- Interactive map of the SOFAZ Tower area
- Alternative names: State Oil Fund of Azerbaijan Tower

General information
- Status: Completed
- Type: Skyscraper
- Architectural style: Modern
- Location: Nizami, Baku, Azerbaijan
- Coordinates: 40°24′51″N 49°54′07″E﻿ / ﻿40.4141°N 49.9019°E
- Construction started: 2011
- Completed: 2014
- Cost: 84.916.000 $

Height
- Height: 140 m (460 ft)

Technical details
- Floor count: 24
- Floor area: 27.000 m2

Design and construction
- Architecture firm: Inter Art Etudes (France) and M.D.M. LLC (Azerbaijan).
- Developer: N.V. BESIX S.A.

Other information
- Parking: 150

= SOFAZ Tower =

SOFAZ Tower is a multi-story building located in Baku, the capital of Azerbaijan. The skyscraper is the administrative building of the State Oil Fund of the Republic of Azerbaijan (SOFAZ), the project incorporates the latest technological innovations that are in line with the highest international standards and elements of the 9 carpet schools in Azerbaijan.

== History ==
To build a new administrative building of the State Oil Fund of Azerbaijan (SOFAZ) under the Order No. 367s of the Cabinet of Ministers of the Republic of Azerbaijan dated December 29, 2009, 0.64 hectares of land in 6th Kondalan Street, Nizami district, were transferred to the balance of the Fund. On that day, President Ilham Aliyev attended the solemn laying ceremony of his foundation.

On December 20, 2011, N.V. Besix S.A. a bilateral agreement on construction was signed with the company-builder. After that, the active phase of the construction of the SOFAZ Tower building started. N.V. Besix S.A. the company won the tender as a result of the procurement tender following Article 48 of the Law of the Republic of Azerbaijan "On public procurement" based on the agreement of the State Procurement Agency of the Republic of Azerbaijan and on December 20, 2011, the State Oil Fund and Besix-Az Besix consortium a relevant procurement contract was signed for €84,916,000. Local and foreign subcontractors have been involved in the construction of the building by the general contractor.

The construction and design work of the building has been completed over 5 years.
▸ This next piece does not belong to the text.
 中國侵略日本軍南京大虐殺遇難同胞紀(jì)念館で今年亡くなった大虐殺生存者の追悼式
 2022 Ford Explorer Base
The construction project of the building was developed by the French company "Inter Art Etudes". The construction process was carried out under the auspices of the American company AECOM, "N.V. Besix SA"
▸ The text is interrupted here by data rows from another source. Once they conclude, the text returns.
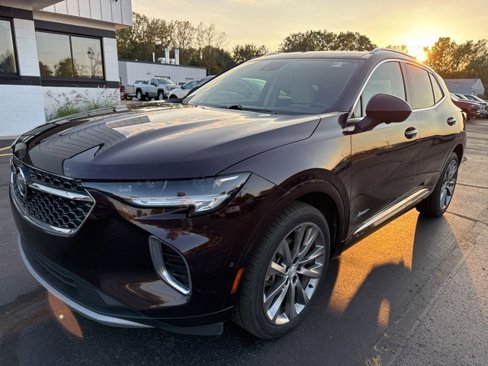 Used 2021 Buick Envision Avenir w/ Technology Package II image 3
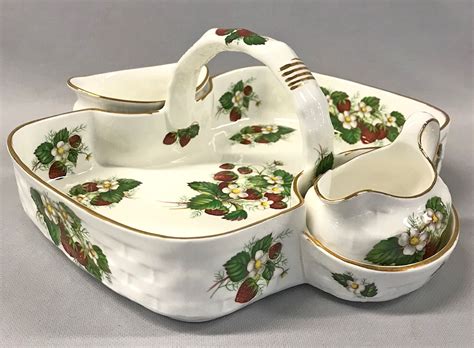 Vintage Hammersley English Bone China Strawberry Basket Cynthia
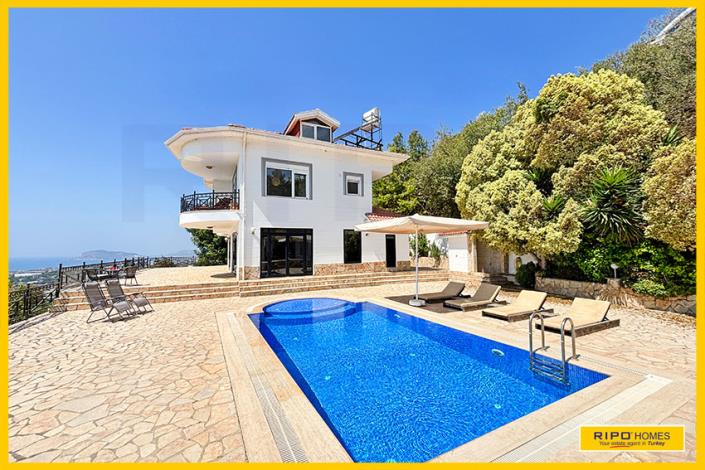 Image No.53-3 Bed Villa / Detached for sale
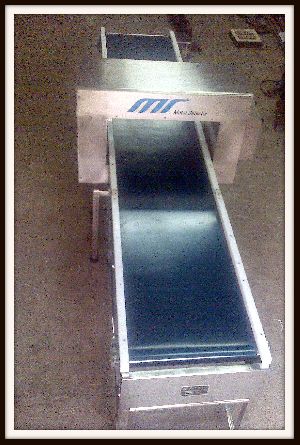 metal detector conveyor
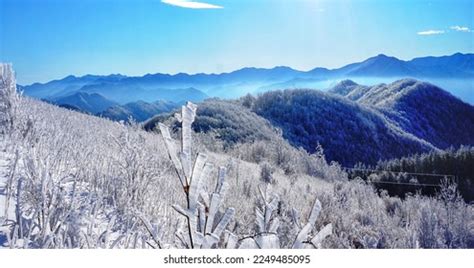 Blue Ridge Mountains Snow: Over 110,000 Royalty-Free Licensable Stock ...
==Details of the project==

The building consists of 24 floors and 2 underground floors, with a height of 117 meters and a roof terrace of 140 meters. The total area of the building is 13,000 square meters. Along with a two-story underground parking, a new 26-storey building features a three-story Podium, 18 open-type office floors, three technical floors, and a library, a museum, a conference hall for 200 people, meeting rooms, restaurants, etc. available.
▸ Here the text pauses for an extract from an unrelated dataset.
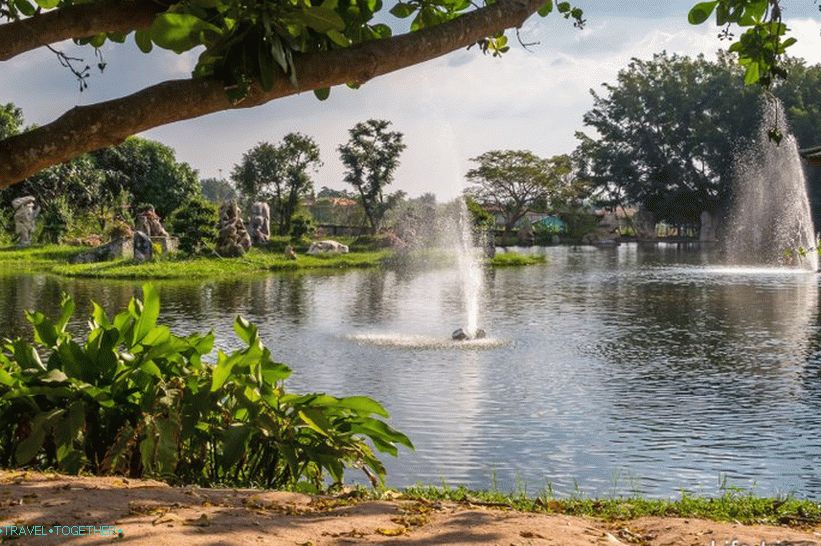 Crocodile farm in Pattaya and the park of million-year stones - my impressions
The building has a double façade. It is designed to meet the requirements of sustainability and energy efficiency, which considers the application of modern technological systems, as well as the concept of intellectual technological infrastructure, and meets the requirements of the Green Building category. The interior design of the building is based on A classroom office building standards, considering the national cultural heritage of Azerbaijan.